É como o cabelo, por exemplo. Se o tenho, posso cortá-lo, enfeitá-lo, ondulá-lo... a infinitude de tratos que posso dar ao cabelo é imensa. Se não o tenho, sou careca, tento disfarçar com perucas, capachinhos, chapéus, mas como dizia o actor, desses, há muitos, os palermas, os falsos inspirados.
Saí do trabalho mentalmente exausta. Apesar de ser Verão era de noite e pensei para comigo que o mundo me passa ao lado e só reparo que faz um barulho ensurdecedor.

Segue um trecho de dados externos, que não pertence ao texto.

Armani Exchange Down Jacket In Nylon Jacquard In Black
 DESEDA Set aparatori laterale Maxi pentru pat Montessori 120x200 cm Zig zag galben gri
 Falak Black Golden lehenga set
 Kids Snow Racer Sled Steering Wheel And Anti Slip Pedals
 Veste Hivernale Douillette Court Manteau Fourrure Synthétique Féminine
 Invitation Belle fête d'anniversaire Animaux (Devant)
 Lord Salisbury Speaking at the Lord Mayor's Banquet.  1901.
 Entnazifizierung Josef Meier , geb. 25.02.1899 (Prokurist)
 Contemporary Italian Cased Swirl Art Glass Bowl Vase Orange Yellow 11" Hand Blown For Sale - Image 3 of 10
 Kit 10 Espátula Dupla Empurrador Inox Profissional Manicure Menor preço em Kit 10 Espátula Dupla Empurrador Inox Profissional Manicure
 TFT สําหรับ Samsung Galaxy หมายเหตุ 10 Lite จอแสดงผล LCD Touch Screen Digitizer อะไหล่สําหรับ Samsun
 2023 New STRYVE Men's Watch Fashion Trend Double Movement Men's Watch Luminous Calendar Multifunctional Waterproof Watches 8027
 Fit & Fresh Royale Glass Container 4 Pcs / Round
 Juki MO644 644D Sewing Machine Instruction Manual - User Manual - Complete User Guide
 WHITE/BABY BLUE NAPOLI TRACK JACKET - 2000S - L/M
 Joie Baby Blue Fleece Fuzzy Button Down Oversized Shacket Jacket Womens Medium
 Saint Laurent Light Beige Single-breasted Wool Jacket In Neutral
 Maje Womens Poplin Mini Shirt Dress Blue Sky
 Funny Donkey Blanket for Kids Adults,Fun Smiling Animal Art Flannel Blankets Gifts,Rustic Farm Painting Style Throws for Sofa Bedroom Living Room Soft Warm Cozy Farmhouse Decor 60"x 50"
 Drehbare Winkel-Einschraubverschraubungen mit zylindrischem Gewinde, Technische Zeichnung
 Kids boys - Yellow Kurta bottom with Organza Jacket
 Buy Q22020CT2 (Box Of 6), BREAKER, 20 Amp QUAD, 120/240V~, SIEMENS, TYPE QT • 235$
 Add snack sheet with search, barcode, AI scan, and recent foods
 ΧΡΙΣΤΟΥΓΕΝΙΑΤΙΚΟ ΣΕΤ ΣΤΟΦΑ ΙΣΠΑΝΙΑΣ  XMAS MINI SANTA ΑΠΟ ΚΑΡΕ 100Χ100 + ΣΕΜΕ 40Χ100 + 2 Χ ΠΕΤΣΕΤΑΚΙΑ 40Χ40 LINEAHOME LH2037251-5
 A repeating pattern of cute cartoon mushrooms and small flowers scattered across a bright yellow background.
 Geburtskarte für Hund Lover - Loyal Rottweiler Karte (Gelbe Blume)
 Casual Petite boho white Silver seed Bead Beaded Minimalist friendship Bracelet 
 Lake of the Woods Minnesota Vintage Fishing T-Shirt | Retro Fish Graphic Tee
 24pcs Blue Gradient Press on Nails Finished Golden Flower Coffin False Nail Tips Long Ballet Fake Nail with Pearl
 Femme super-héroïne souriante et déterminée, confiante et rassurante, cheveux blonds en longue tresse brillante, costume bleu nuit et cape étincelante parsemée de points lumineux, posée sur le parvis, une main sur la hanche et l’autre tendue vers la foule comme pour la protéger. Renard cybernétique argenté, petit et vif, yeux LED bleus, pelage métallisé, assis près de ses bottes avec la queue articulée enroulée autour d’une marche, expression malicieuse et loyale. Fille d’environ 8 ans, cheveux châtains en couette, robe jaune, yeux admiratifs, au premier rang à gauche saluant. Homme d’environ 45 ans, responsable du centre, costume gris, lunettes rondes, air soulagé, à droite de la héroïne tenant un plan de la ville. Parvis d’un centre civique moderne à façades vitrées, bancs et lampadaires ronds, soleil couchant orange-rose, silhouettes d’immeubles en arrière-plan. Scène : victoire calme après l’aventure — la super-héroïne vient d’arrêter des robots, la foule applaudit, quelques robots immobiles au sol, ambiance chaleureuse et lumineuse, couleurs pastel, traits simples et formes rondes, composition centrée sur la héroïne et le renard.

Fui pelo caminho a contar as pedrinhas e a adivinhar em qual cairia cada pingo da chuva que se abatia de mansinho. Podia ser inspirador, quem sabe. Li não sei onde que o Björn Ulvaeus escreveu o "Take a Chance on Me" quando chegou a casa depois de caminhar pela chuva e atentar na melodia que os seus passos entoavam quando tocavam nas pedras molhadas da calçada.
Quem sabe o mesmo não aconteceu a Beethoven quando cozinhava, ou a Bach quando polia com suavidade e perícia o seu orgão preferido, ou até mesmo a Wagner enquanto passava o espanador nos livros da biblioteca do tio Adolf.
Não, decididamente hoje não desceu em mim qualquer bafejo de Erato, Melpômene, Polínia ou Talia, portanto, e sem mais delongas, vou fazer uma lasanha, uma deliciosa e fantástica lasanha e ai de quem se atravesse no meu caminho e me difame a arte!